Yesterday I hardly got any activity, save from walking about 20 minutes to my car and around the volleyball court. I had a paper due this morning so that’s what yesterday was dedicated to… so a good workout was needed today.
After getting to bed at 1:30 AM and waking up at 8:45, I thought I had gotten enough sleep. Not quite. I’ve been so beat today that I nearly called off doing Jillian all together. But then I reminded myself… If I want to get back into my goal range by the end of October, I need to do something!
Knowing the intensity of the BFBM video, I had a mini-snack about a half hour before I hopped into it (and if you know the video, you know I mean that literally… lots of jumping and calisthenics).
In the BFBM, there is a warm up followed by seven 6-minute circuits and ends with a five minute cool down/stretch. By the fourth circuit, I was seeing stars. I’m not sure if it’s because of how worn out I was all day or what but I was light headed all over the place. I didn’t want to quit though. So doing the fifth and sixth circuits, I did the modified versions of the moves and took a sip of water between each exercise which kind of helped.
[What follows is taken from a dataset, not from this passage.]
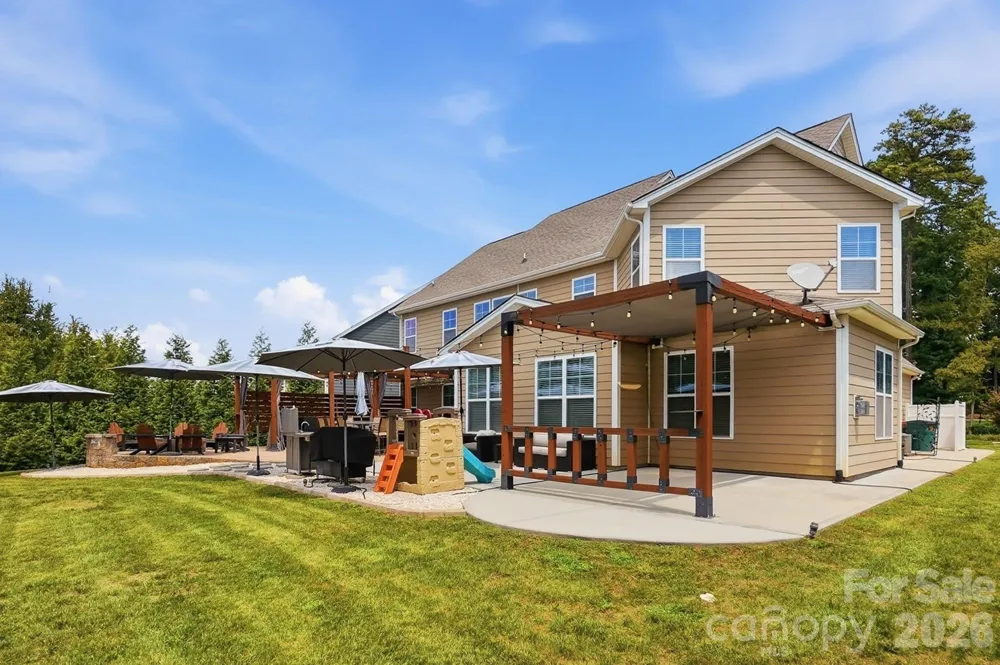 3115 Fillmore Terrace Lake Wylie, SC 29710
But even after taking it a little easier (which still is a killer workout with this video), I knew my body couldn’t handle doing the seventh circuit. So I skipped to the cool down.
A PB&J and a cup of grapes later, I’m feeling better but super tired.
What I learned: I need my normal sleep schedule back pronto if I want to function properly.
The best part: The 6 APs I earned by doing only 45 minutes is totally worth the exhaustion I’m feeling. It kind of makes me want to do intense workouts like that every day just to see that number of AP’s.
I think I have become a bit of an AP addict. Does anyone else feel that way?
Tonight, I’ll be getting to bed early. I’m almost nodding off writing this.
When do you know that it’s time to stop?